The 2026 LSU Baseball team isn’t just bad, they are now awful at historic levels.
The Tigers (24-21, 6-15) were swept for a third consecutive weekend, this time on the road in Starkville, and have now lost a program-record nine straight SEC games. Even more agonizing for LSU is the Tigers scored three runs in the first inning of all three games, only to lose every game.
Friday: Mississippi State 10, LSU 8 (11 innings)
In hindsight, Friday should have served as an omen of things to come this weekend.
Casan Evans was a last-minute scratch from his normal Friday start after some right arm discomfort following some pregame stretching. The LSU pitching staff, already down one starter for the rest of the season, would try and have to survive two different bullpen games and couldn’t get it done.
LSU led 7-4 after four innings and had an 8-7 lead going into the bottom of the ninth but couldn’t hold either lead. Bulldog catcher Kevin Milewski hit a walk-off two-run homer off of Zac Cowan in the 11th to win the opener for Mississippi State.
Saturday: Mississippi State 9, LSU 8
Stop me when you’ve heard this before: William Schmidt was pretty good, but incredibly inefficient.
Schmidt threw 89 pitches in which he struck out five, walked three, allowed three hits and two runs…and only lasted four innings. For an LSU pitching staff that used seven pitchers in Friday night’s extra innings game, the team desperately needed a quality start from Schmidt, but instead he only got LSU 12 outs.
Even without Schmidt not eating as many outs as you would like, LSU still had a 7-2 lead after five innings and couldn’t hold onto that one either. State scored seven runs over the final two innings, highlighted by a seventh inning grand slam from Jacob Parker to tie the game. Noah Sullivan gave Mississippi State the lead in the eighth with an RBI single, and a second run came home thanks to an infielder error.

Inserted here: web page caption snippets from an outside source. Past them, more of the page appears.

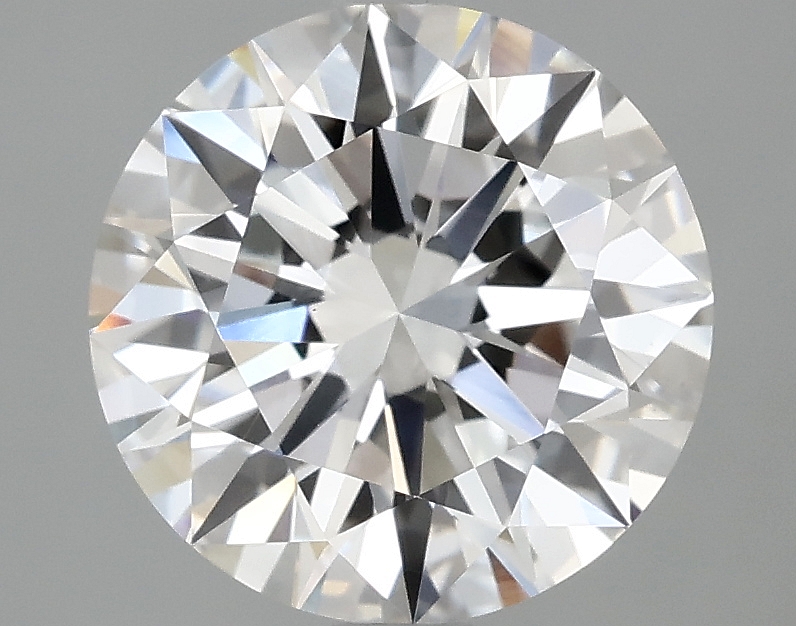 3.07 CT Round Brilliant Diamond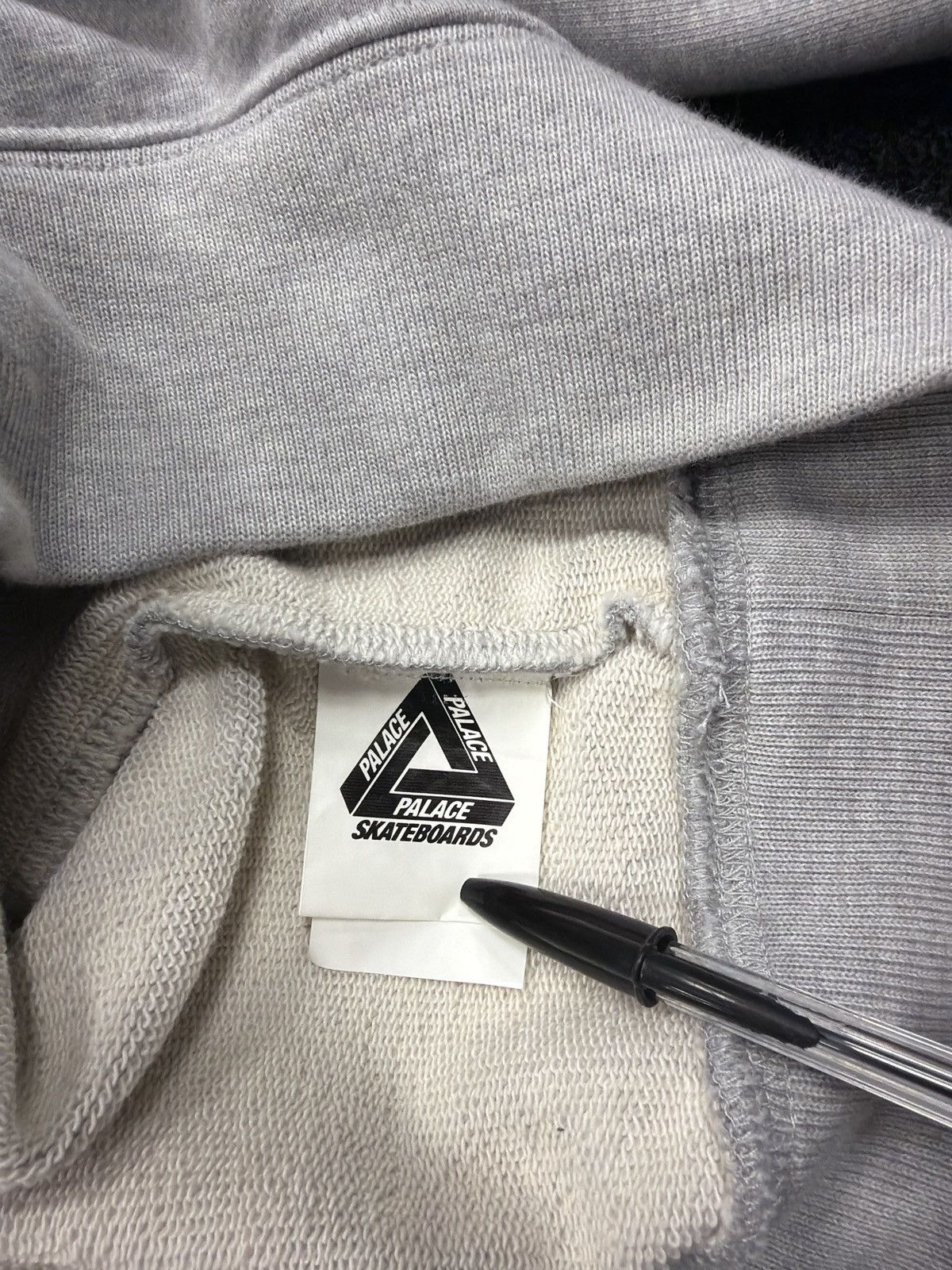 Palace Palace FW21 EU-DON Crew Sweatshirt - Small Size US S / EU 44-46 / 1 - 6 Thumbnail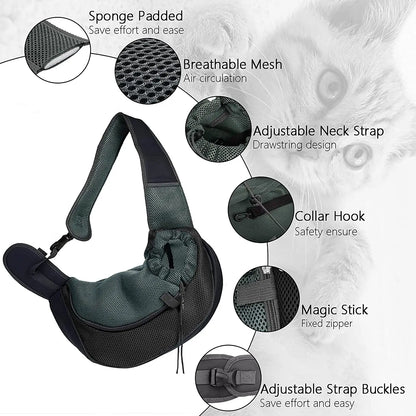 Portable Pet Carrier Bag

Sunday: Mississippi State 13, LSU 8
Same shit different day.
LSU had a 3-0 lead going into the bottom of the first, 5-3 after three innings, and 8-5 going into the bottom of the sixth. Then Mississippi State responded with eight runs over its final three innings to win comfortably.
If there is a silver lining, it was the freshmen tandem of Mason Braun and Omar Serna combined for six hits and three RBI. Braun had an RBI triple, while Serna hit a two-run homer, his third homer of the series.
“They are two of our best hitters right now,” Jay Johnson said after Sunday’s loss. “That is a positive, a silver lining, and I like the makeup up the people that they are and what they are going to mean to our program going forward. We can build off of the experience they’re gaining now.”
It’s time we pull the plug on this baseball season. At 6-15 in league play, LSU’s season is more or less over.
I don’t mean to speak in absolutes, but barring a sweep in each of the final three weekends, or winning the SEC Tournament, LSU’s season will end in Hoover. Think about that: the calendar hasn’t even flipped to May yet and we’re closing the book on this baseball season.
Up next, not that it really matters, LSU will be at home for a Tuesday night game against Southeastern. They’ll then host South Carolina, one of the only two teams with a worse SEC record than LSU, this weekend. Surely LSU can snap this losing streak against the Gamecocks…right?